/webstrip

Camping script to strip dross from web pages I'm interested in

Primary LanguageRuby

WebStrip

A simple web app to filter unwanted crap out of web-pages.

The idea is to take a url, go there and pull the page's html text. For pages that are the first of a series I pull the link block. For pages with a "next" I follow the chain. Then for each page I pull the divs I actually want, remove extraneous fluff - banners, scripts - and serve them up in some crude css.

PrintWhatYouLike.com does the same in a more interactive way.

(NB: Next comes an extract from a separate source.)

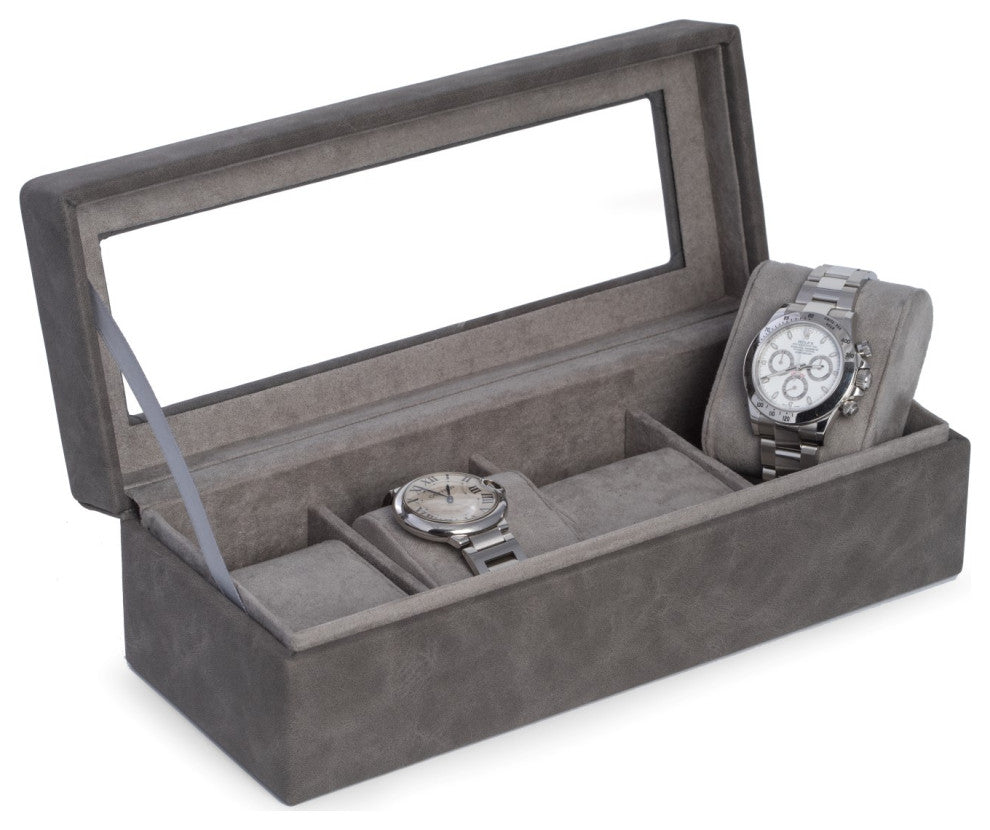 4 Watch Storage Case, Gray, Soft Velour Lining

I got this running in a single page app for about a dozen sites using "camping webstrip.rb" and localhost:3301. But now after a brief flirtation with Sinatra I'm basing directly on Rack as that seems much less hassle to run on Dreamhost using Passenger. I'm trying to avoid all the dependencies that I can, but you must have the Hpricot and open-uri gems and of course, Rack running on Passenger (which DH provides).

To install just checkout the whole tree and point a domain at webstrip/public.

A little better css in style_block() would be nice.

The setup is modular, so once you've cloned the repo you can add sites by just dropping their def files into the "sites" directory. The page router loads a ruby file named "#{URI(url).hostname}.rb" replacing '.'s with '_'s, instantiates a new object of the same class name passing the url to it, and then sends this object a request for filtered page content. Each def file defines a sub-class of WebStrip (or LinkedPageSeries or ChainedPageSeries) and overrides clean_page(doc) which returns a text string of html given the Hpricot document parsed from the url.

Class Hierarchy

PageRouter - implements basic response to rack call(), routes page
WebStrip - class with generic routines, must override clean_page
  |-- LinkedPageSeries - handles articles with a link block
  | '-- www_..._com - your sub-classes here
  |-- ChainedPageSeries - handles articles with a "next" link
  | '-- www_..._com - your sub-classes here
  '-- www_..._com - your sub-classes here

File Layout

webstrip
  |-- README.markdown
  |-- config.ru
  |-- page_router.rb
  |-- public
  |   |-- favicon.gif
  |   `-- favicon.ico
  |-- sites
  |   `-- www_..._com.rb
  |-- tmp
  |   `-- restart.txt
  `-- webstrip.rb